Unter dem Einfluß der herrschenden nachsichtigen Gesinnung forderte Kapitän Truck, nachdem die Gläser schon wacker gekreist hatten, den Herausgeber des Active Inquirer auf, die Gesellschaft mit einigen weiteren Auszügen aus seinem Tagebuch zu erfreuen. Hiezu war nicht viel Ueberredungskunst erforderlich, denn Mr. Dodge begab sich sehr bereitwillig nach seinem Staatsgemach, um die werthvollen Berichte über seine Beobachtungen herbeizubringen. Er that dies in der Ueberzeugung, daß Alles vergessen sey und er wieder den ihm gebührenden Platz in den gesellschaftlichen Verhältnissen des Schiffes einnehmen könne.
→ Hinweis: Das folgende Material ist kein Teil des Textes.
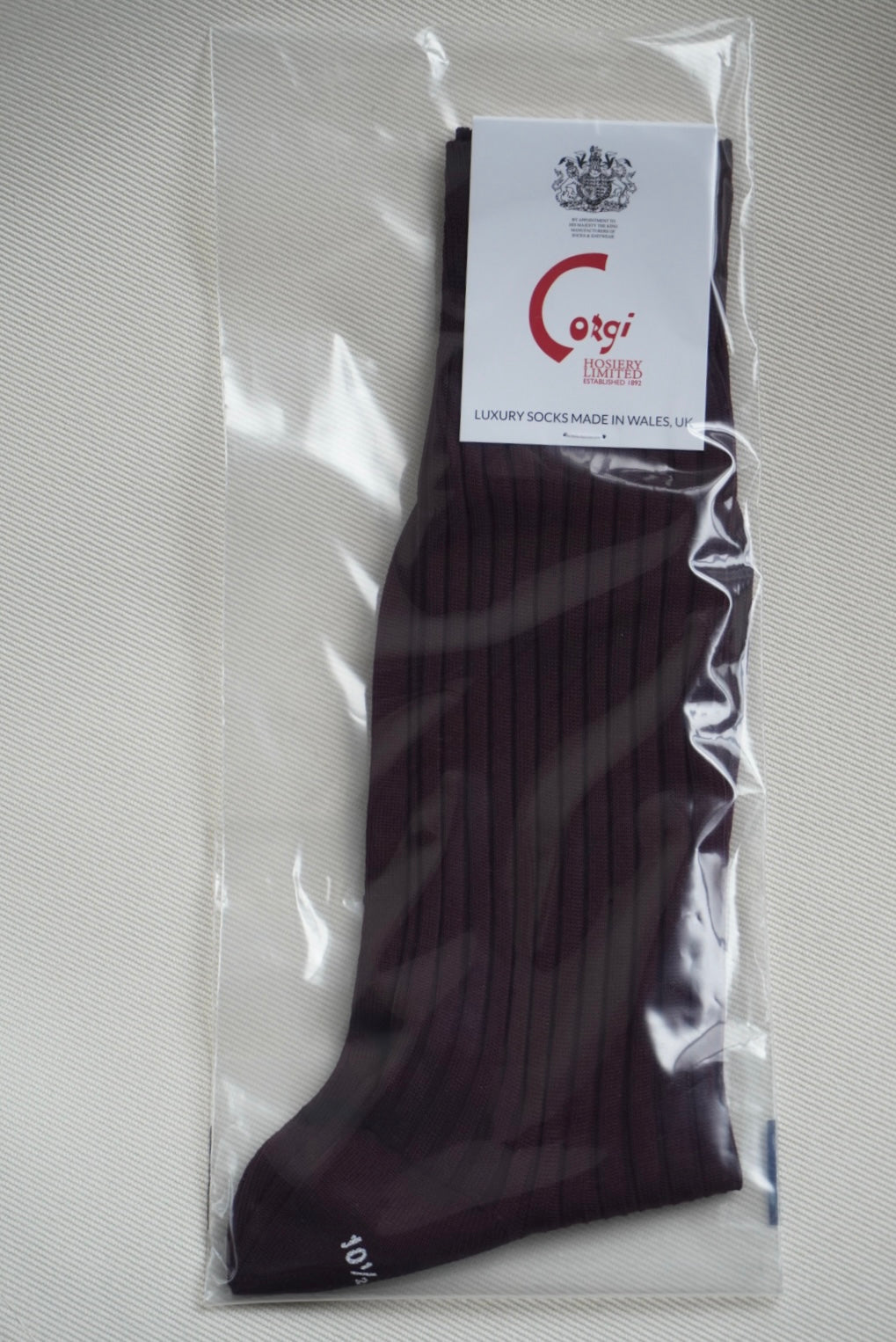 Corgi Fine Gauge Rib Socks. -Burgundy-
Die vier Gentlemen, welche selbst in den Gegenden gewesen waren, die der Herausgeber zu schildern sich unterfing, schickten sich zum Zuhören an, wie es wohl Männer von Welt zu thun pflegen, wenn sie den oberflächlichen und werthlosen Ergüssen eines Neulings ihr Ohr leihen, weil sie sich einige Unterhaltung davon versprachen.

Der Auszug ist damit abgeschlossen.